This is the 4th part in my series on examining the concept of momentum in NFL games.The first part looked at whether teams that gained possession of the ball by momentum-swinging means went on to score more frequently than teams that gained possession by regular means. The second part of this series looked at whether teams that gained possession following momentous plays went on to win more often than we would otherwise expect. The third part focused on drive success following a turnover on downs, which is often cited by coaches and analysts as a reason not to go by the numbers when making strategic decisions.
This article will examine how 'streaky' NFL games tend to be. If momentum is real and it affects game outcomes, it would result in streaks of success and failure that are longer than we would expect by chance. But if consecutive plays are independent of previous success, the streaks of success and failure will tend to be no longer than expected by chance. This method of analysis does not rely on any particular definition of a precipitating momentum-swing, as it looks at entire games to measure whether success begets further success and whether failure leads to more failure.
For momentum to have a tangible effect on games, it does not require completely unbroken strings of successful or unsuccessful plays. But if success does enhance the chance of subsequent success, then the streaks of outcomes will be longer than if by chance alone.
For this analysis, I applied the Runs Test to the sequence of plays in a game. This produces a statistic indicating how streaky a string of results is compared to what would be expected by chance. For example, consider the following 3 strings of results of flipping a coin 8 times:
HTHTHTHT, HHHHTTTT, HTTTHTHH
The Runs Test works like this:
The average expected number of runs of the same result (the 'mu' symbol) is calculated based on the number of 'successful' trials (N+) and the number of 'unsuccessful' trials (N-). In the 3 examples above, the test says we should expect an average of 5 unbroken 'runs' of one result or the other:
In the first example above, we have 8 separate runs, which is choppier and more alternating than we would expect. And in the second example, we see only 2 runs, which is fewer than expected and might suggest some sort of trends are at work. The third example is more in line with what we would commonly expect by chance, producing 5 runs of heads and tails.
Instead of the heads and tails of coin flips, I examined the success of football plays. I classified the plays of a game as successful (S) or unsuccessful (U) based on whether the play improved or worsened a team's net scoring potential, as measured by Expected Points. (This is the basis of the ANS Success Rate statistic.) So instead of HTTTHTHH... we would have a string like SUUUSUSS...
One thing to keep in mind is that unlike coin flips, some teams are better than others, so there isn't a 50/50 chance of success for plays in any particular game. Fortunately, the Runs Test accounts for this kind of imbalance.
For each game we can measure how streaky the plays were. If the plays are significantly more streaky than we would expect from an independent distribution like flipping a coin, then we have evidence of momentum. For every game from the 1999 season through week 8 of the 2013 season, I examined the sequence of play success for all common scrimmage plays from the home team's perspective.

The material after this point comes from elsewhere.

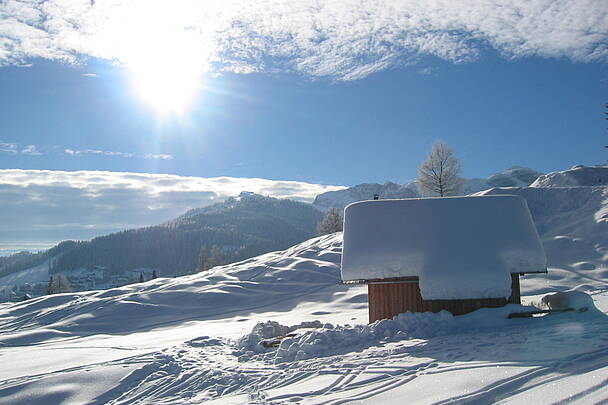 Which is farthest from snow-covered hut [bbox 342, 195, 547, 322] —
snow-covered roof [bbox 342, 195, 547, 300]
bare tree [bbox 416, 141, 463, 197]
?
bare tree [bbox 416, 141, 463, 197]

This is a key element of my methodology because this would detect momentum for a team's offense or defense alone, as well as detect any kind of carry-over from one side of the ball to the other. In other words, this method will detect whether an offense or defense 'gets on a roll' in addition to whether there plays on one side of the ball inspire their teammates to play better. No matter what your definition of momentum, this method should be able to detect evidence if it exists.
The bottom line is that we are testing for independence between successive plays. If plays are independent 'trials', then there can be no momentum.
Let's start with an example. The Broncos hosted the Eagles in week 4 this season, winning 52-20. In that game, DEN had a total of 147 plays on both sides of the ball. They had 90 successful plays and 57 unsuccessful plays, resulting in 62 streaks. Was this streaky or not?
We expected about 71 streaks, but there actually only 62 runs of the same result. So this game was streakier than we might expect. That doesn't yet say whether momentum is at work. Some games are bound to be streakier than others by chance. So how unlikely is an outcome like this? The standard error of the runs test can be calculated from its variance, and this produces a p-value which is the probability of such an outcome by chance.
In the case of the PHI-DEN game, the p-value was 0.12. That doesn't meet the traditional cut-off of .05 for statistical significance, but it's still fairly unlikely.
One game doesn't tell us much, but 3,875 of them can. I repeated this analysis for every game since the start of the 1999 season, and here are the results:
-The average expected number of runs was 67.0.
-The average observed number of runs was 64.7.
-The average standard error for a single game was +/-8.0 runs.
-49 games (or 1.2%) of the 3,875 games exceeded the p=0.05 threshold for streakiness
The number of observed runs per game was less than the expected number, which indicates there is more streakiness than if all the plays were purely independent. The difference is by 2.3 runs per game. However, very few games were more streaky than expected to a statistically significant degree.
I interpret these results to say that yes, there may be some degree of momentum, on average, in an NFL game. But it is imperceptibly small, and we can only point to handful of games over the past 14 years that are particularly momentum-rich.
I characterize the difference as imperceptible because 2.3 runs is 4% fewer than expected. It's a difference of only about 1 play in a game. In other words, we only need to flip one play from a success to a non-success (or vice versa) to create 2 additional runs. If there were a string of heads and tails like HHHHTHTT with 4 runs, we only need to change one result to create 6 runs: HTHHTHTT.
Further, the difference between success and failure can be razor thin. A run of 5 yards on 1st down is typically a success, but a run of 3 or 4 is usually not. That's the practical size of the effect at work. I don't think one or possibly two additional consecutive successes or failures in an entire game are what believers in momentum have in mind.
Still, these results do show some evidence of momentum. That's interesting in itself. However, this result may only be due to teams with offenses and defenses at opposite ends of the performance spectrum. For example, when the 2000 Ravens defense was on the field, we were likely to see streaks of successful plays, but when their offense was on the field, we were likely to see streaks of unsuccessful plays. On net they had an average success rate somewhere between their two squad's rates, which increase the number of runs we should expect.
In the next part of this study, I'll separate offenses and defenses, and also look at series-level success. As mentioned, the difference between success and failure at the play-level can be very thin, and momentum may manifest itself at a higher level. For example, an offense could string together plays like this: SUSUSUS, and still march down the field to score as long as the successes are of enough magnitude to convert first downs. Other methods of analysis could include autocorrelation plots.
If you're curious, here are a few of the most streaky games in the data:
2000 MIA 37 at NYJ 40 (a classic OT comeback) - 84 expected runs, 57 observed
2002 JAX 23 at CAR 24 (another comeback) - 66 expected, 44 observed
2012 SD 27 at NYJ 17 - 61 expected, 42 observed
2013 DAL 21 at SD 30 - (a great visual example of streakiness) 68 expected 48 observed
And here's a good example of non-streakiness. You can actually see the choppiness in the graph:
2012 TEN 23 at IND 27 - 71 expected run, 81 observed